INFORMATION SUPPLIED>
________
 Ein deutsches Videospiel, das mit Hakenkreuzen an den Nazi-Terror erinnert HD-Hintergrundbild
________
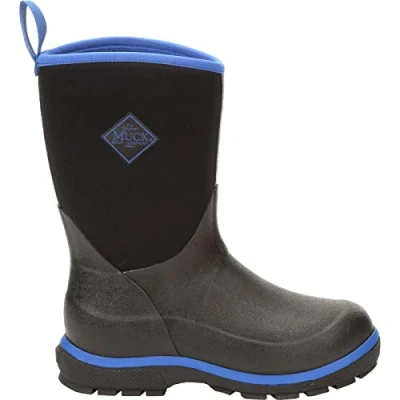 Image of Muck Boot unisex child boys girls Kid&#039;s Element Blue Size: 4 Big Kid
________
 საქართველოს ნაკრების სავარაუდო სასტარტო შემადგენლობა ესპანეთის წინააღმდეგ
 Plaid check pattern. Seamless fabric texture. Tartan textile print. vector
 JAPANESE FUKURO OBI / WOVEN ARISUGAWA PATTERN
________
WHAT IS NEEDED> Out of the listing above, reproduce exactly the lines from the one with "საქართველოს ნაკრების სავარაუდო" up to and including the one with "JAPANESE FUKURO OBI".

SOLUTION>
 საქართველოს ნაკრების სავარაუდო სასტარტო შემადგენლობა ესპანეთის წინააღმდეგ
 Plaid check pattern. Seamless fabric texture. Tartan textile print. vector
 JAPANESE FUKURO OBI / WOVEN ARISUGAWA PATTERN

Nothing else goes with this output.